At long last, Startup Weekend, the global entrepreneurial competition, has found its way to Damascus, in spite of the three-year war that has ravaged the country and scattered its population. Last week, more than 125 Syrian entrepreneurs gathered together for three days to work on developing their startups in Damascus’ Technology Garden.
On the first day, entrepreneurs pitched around 40 ideas. Some were traditional, like an idea to develop e-stores to connect factories with customers, or one to build a new gaming app. Other ideas involved providing solutions to problems and challenges caused by the current war in Syria, such as an app to help deal with mobility problems within the city, or an app to get in touch with NGOs that help refugees.
Attendees voted for 19 ideas, then the teams formed and the work began. Many mentors were present to support the teams and give them advice, in addition to sharing their experiences. Others couldn’t make it to Damascus and provided insight via the internet.
Hani Tarabichi, one of the business and marketing mentors, praised the importance of this event, especially the teamwork aspect, saying that “this event is important because it gathers minds under one roof where they can learn, develop, and achieve.“
On the third day, teams pitched their projects to the jury and the following three projects won:
1. T3D Maker won the first prize. The team built the first 3D printer in Syria with very simple tools and accessories in only three days.
2. The second prize was for Pharmgram, a mobile app which helps users get to the nearest pharmacy.
3. Daraty is a game that combines between fun and learning, won the third prize.
One of the event sponsors, Al Badia Cement, surprised the participants during the last day by announcing two additional prizes that reflected the company’s goals of social responsibility. The awards went to:
- Sham credit: a project tackling the e-payment problem in Syria
- Khezni ma3ak (‘Take Me With You’), an app that provides a solution for the traffic problem in some Syrian cities.

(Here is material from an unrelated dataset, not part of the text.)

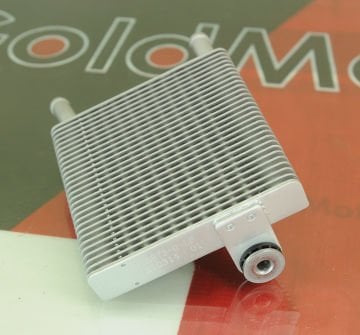 YAĞ SOĞUTUCU RADYATÖR 724-19630-A3110-0001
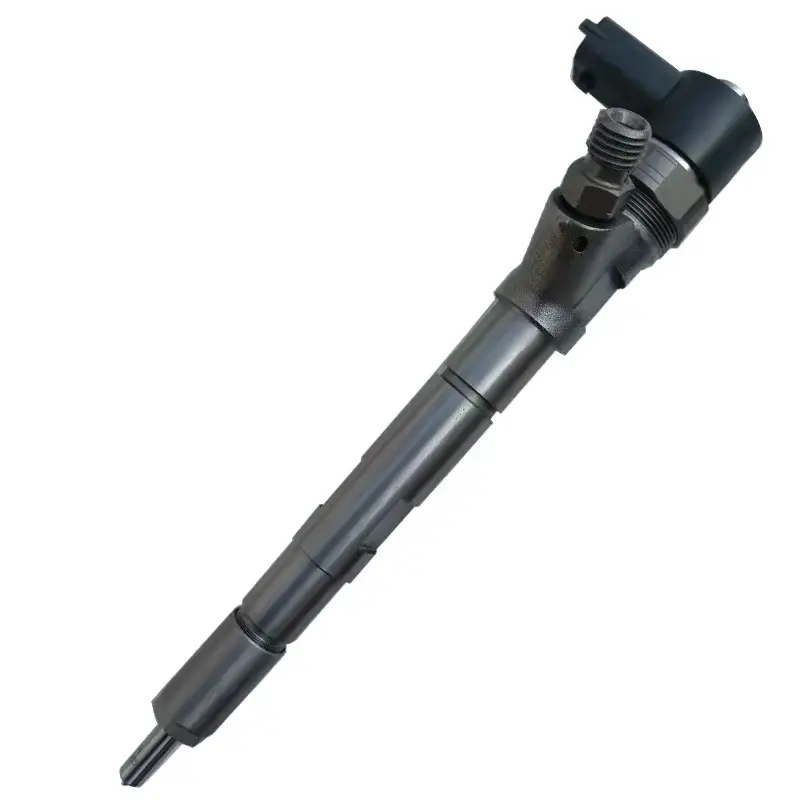 4 Pieces Fuel Injector 4941109 for Cummins Engine B3.3 QSB3.3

Regarding the challenges, one of the organizers, Ahmad Sufian Bayram, told us that the “lack of space and problems with the internet connection didn’t make it easy for the teams and reflected the difficult circumstances in Syria. Overcoming these issues is the main purpose of this event.”
al-Amjad Tawfiq Isstaif, one of the organizers and the main coordinator of Wikilogia (a platform for Syrian youth to coordinate on entrepreneurial projects, and a partner of Startup Weekend) revealed to Wamda that the community organization is planning for further upcoming events to support the winning entrepreneurs in developing their projects.
At the end, One of the judges and mentors told the group that Syria is like “a tree that lost a lot of its leaves. But this event witnessed the birth of new green ones reflecting the future of this country.”